* How to complete this task: Please repeat word for word the line containing "Amphenol FCI 8656" and every following line up to and including the last one below, pictures excluded.

* Source material:
━━━━━━

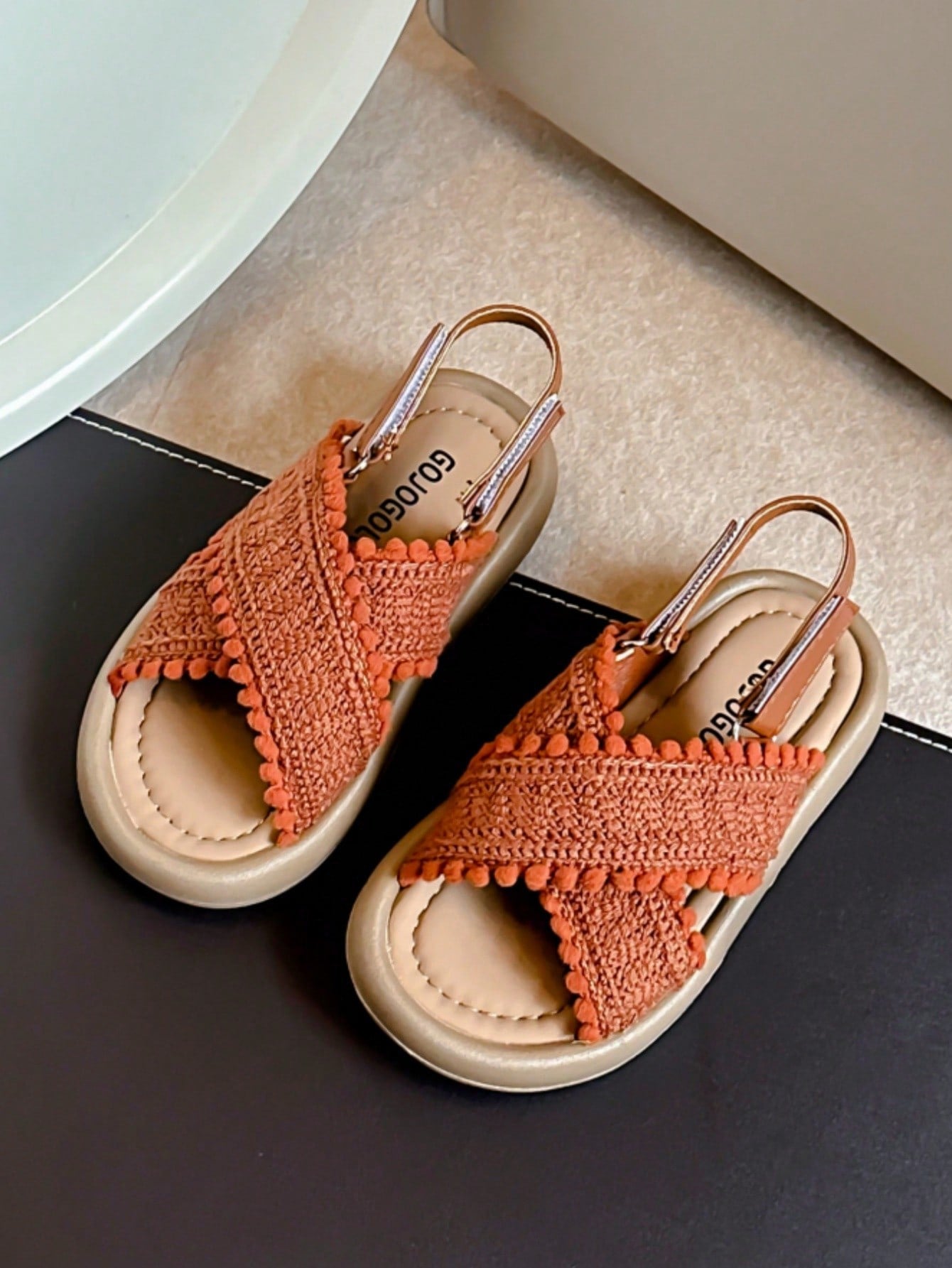 Girls' Casual Sandals New Arrival Summer Flat Shoes For Little & Big Kids, Children's Beach Shoes For Girls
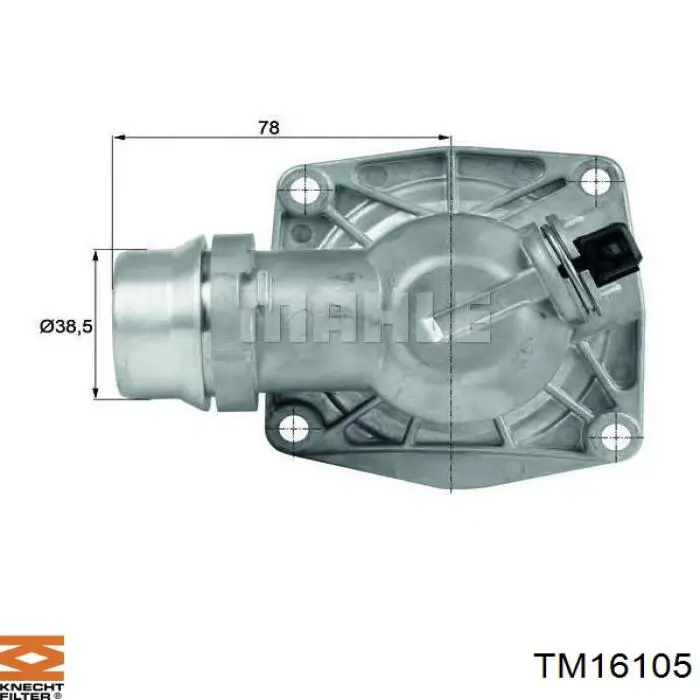 TM16105 Knecht-Mahle термостат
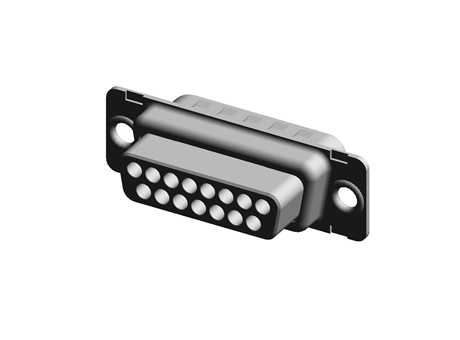 Amphenol FCI 8656 Series 2.74mm Pitch Straight Crimp D-sub Connector, Plug, 15 Pin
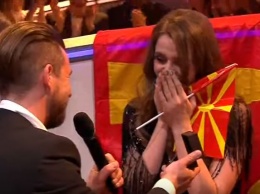 Впервые на Евровидении-2017 одной из участниц предложили выйти замуж в прямом эфире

━━━━━━

* Output below:
 Amphenol FCI 8656 Series 2.74mm Pitch Straight Crimp D-sub Connector, Plug, 15 Pin
 Впервые на Евровидении-2017 одной из участниц предложили выйти замуж в прямом эфире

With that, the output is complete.